A l’Hajduk, les joueurs n’ont pas besoin de conquérir le public, seulement tout donner d’eux-mêmes. Cette attente et cet espoir entremêlé de peur sont exactement ce qui apporte la plus grande joie et l’intensité des émotions. C’est en cela que le football et l’identification avec les fans sont le plus important.

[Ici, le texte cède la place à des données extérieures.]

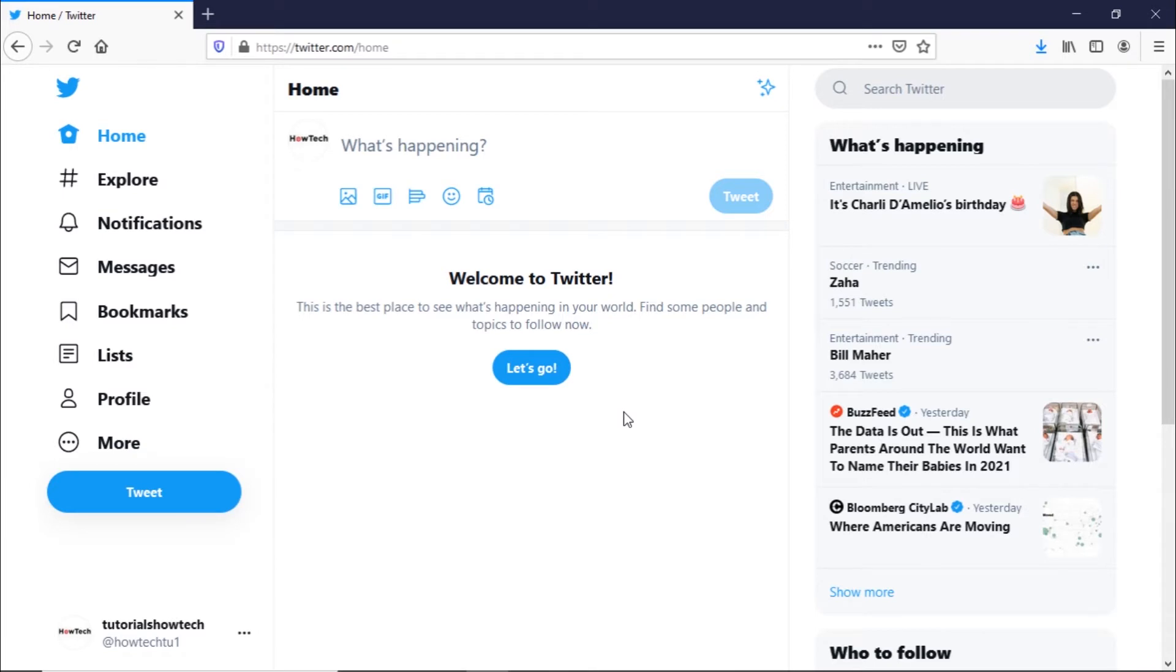It is unique to your account and appears in your profile URL. Changing your username doesn't affect your existing followers, direct messages, or replies.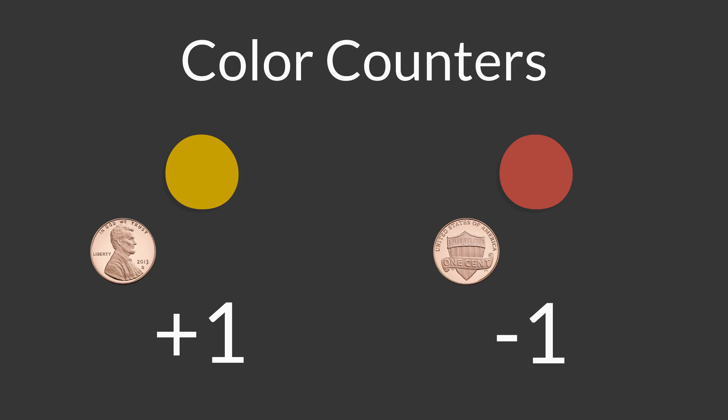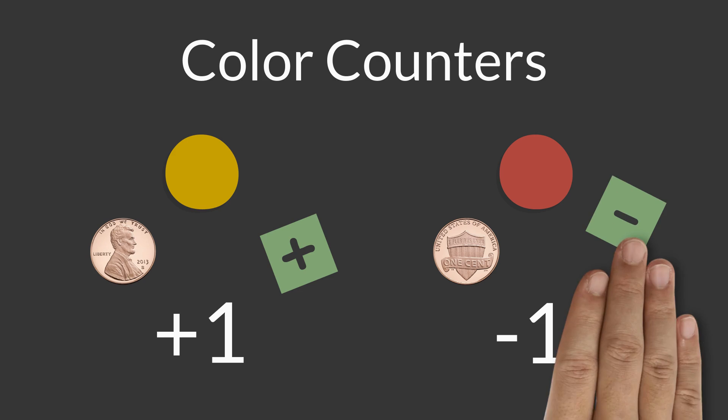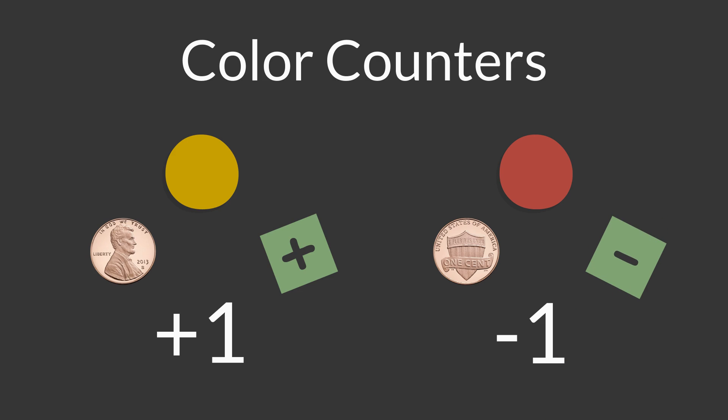You could also make your own manipulatives out of strips of paper. I cut up little squares to represent positive numbers and little squares to represent negative numbers.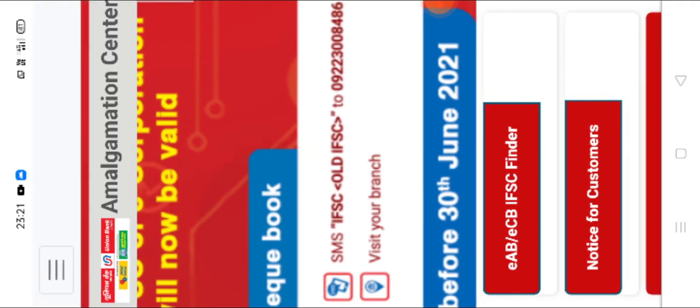First, this one method is SMS IFSC space old IFSC code to 9223008486. So this is the way. We need to type IFSC space the old IFSC code of a particular branch and we need to send that message to 09223008486.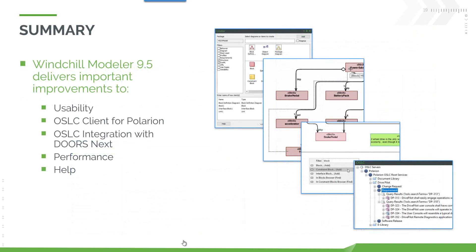So in summary, Modeler 9.5 delivers important improvements to usability, OSLC digital traceability with an OSLC client for Polarion, and improvements to the OSLC client for DOORS Next. Performance improvements and improvements to the help.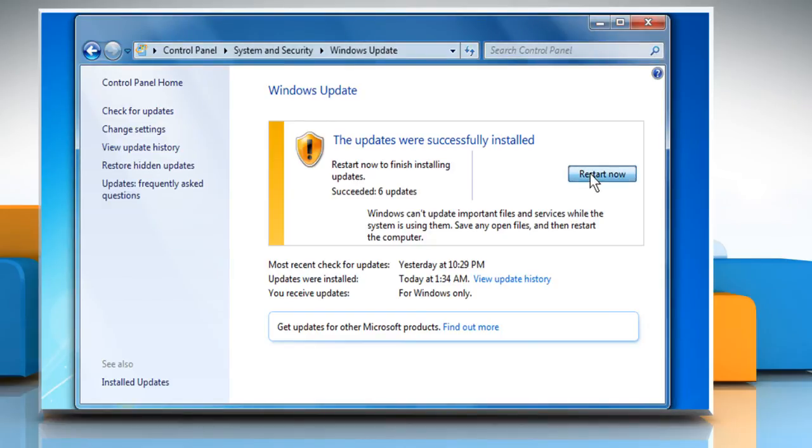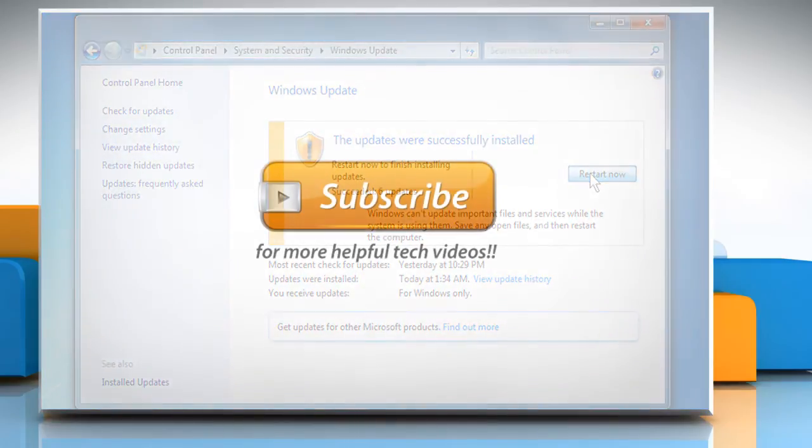Hope this was easy to follow. Thanks for watching. If the problem still persists, watch part 2 of this video.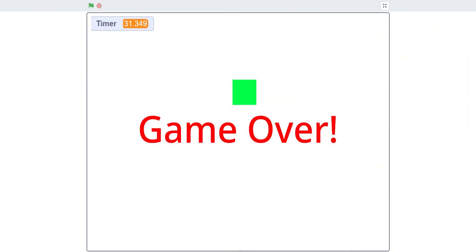Welcome back, it's Kids Coding Playground. Today we will be making a dodge game in Scratch. You use your mouse to move the player around the screen. If it touches the edge you lose, or if it touches any of the enemy blocks moving in you also lose. There's a timer showing how long you survive. I'm going to put a demonstration of the game.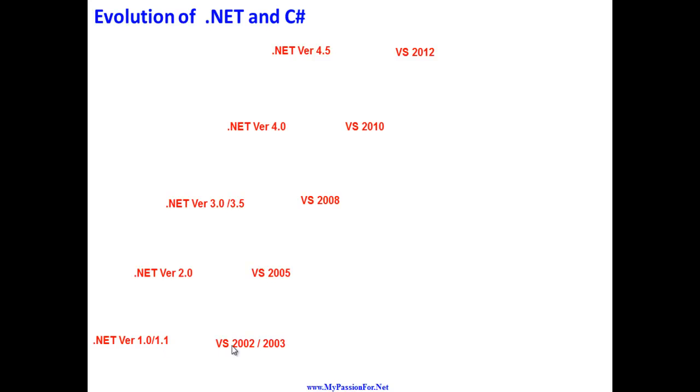On the bottom right I have something called Visual Studio 2002-2003. This is basically the version of Visual Studio and the year of release.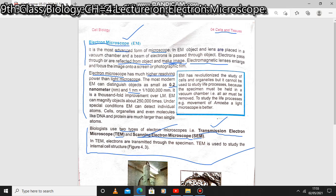Assalamu alaikum dear students. Our next topic is the electron microscope, chapter number four, ninth class biology. In this lecture we will study the electron microscope. It is the most advanced form of microscope — a jadeed microscope. In the electron microscope, the object and lenses are placed into a vacuum chamber.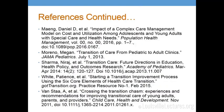And so these are my resources. Thank you, guys. Any questions? Any thoughts?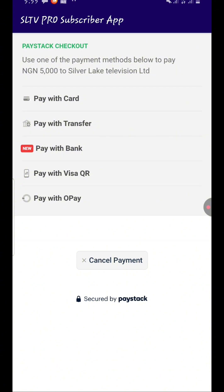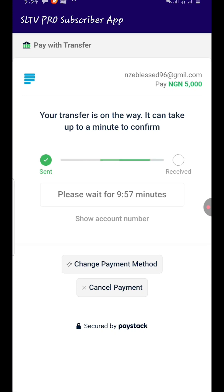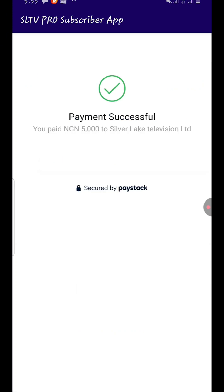When you click on recharge, it will pay with transfer. Here is the account number — go to your mobile bank app and make the transfer to this account number. Make sure you transfer the exact amount. I'm going to make the transfer now, and you can see it already says 'sent'.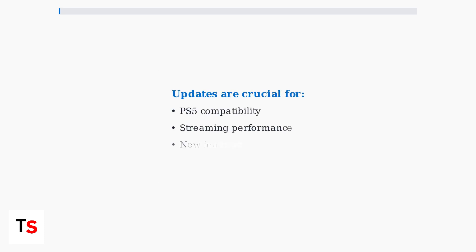These updates are essential for maintaining compatibility with PlayStation 5 consoles, improving streaming performance, and adding new features. Update sizes typically range from 100 megabytes to 1 gigabyte.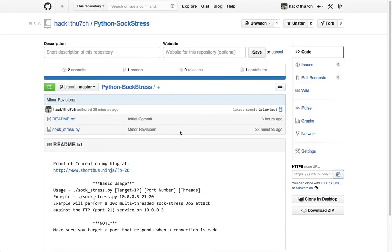Alright, in this video I'm going to demonstrate the use of my new Python Sockstress Denial of Service tool.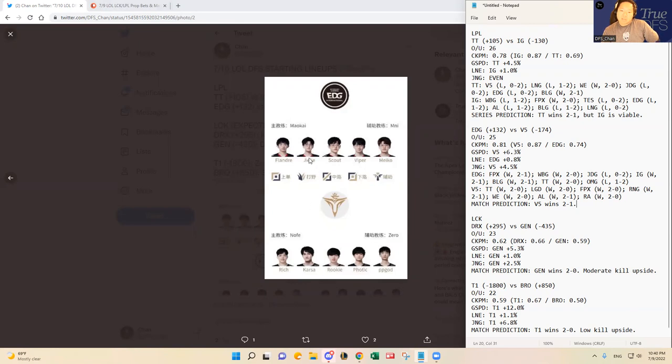JJ has been kind of out of form as well, and I think Karsa subbing in will mess up V5 a little bit, but since JJ has been out of form, I think I'm not too worried about that. Like I said, Rich has been in solid, solid form as well.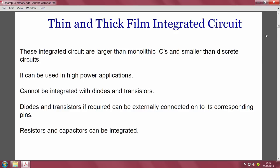To overcome these limitations, we use thin and thick film integrated circuits. These are larger compared to monolithic ICs but smaller compared to discrete circuits. They can be used in high power applications; however, they cannot integrate diodes and transistors directly. If diodes and transistors are required with thin or thick film technology, they must be connected via corresponding pins. Resistors and capacitors can be fabricated using thin and thick film technology.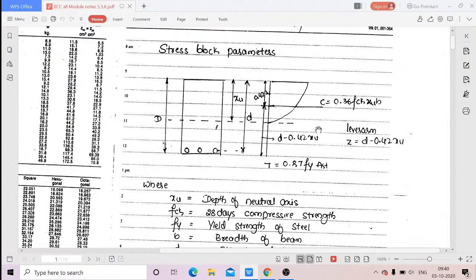You might have done analysis of beams or analysis of trusses, where with respect to one point you calculate moment to find out internal forces — in your analysis of determinate structures. In a similar way, here we are finding the moment with respect to one point.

Un amour déchu au Dinamo Zagreb

A quelques centaines de kilomètres de là, au stade Maksimir, le Dinamo était sur le point de débuter son match retour au même stade de la même compétition contre Petrolul Ploiesti. Les bleus n’avaient qu’à défendre une avance confortable de 3 buts à 1 glanée en Roumanie. Dès les premières minutes de la retransmission, le contraste est évident avec Poljud. Le stade Maksimir n’est qu’au quart plein et aucune ambiance ne ressort des travées.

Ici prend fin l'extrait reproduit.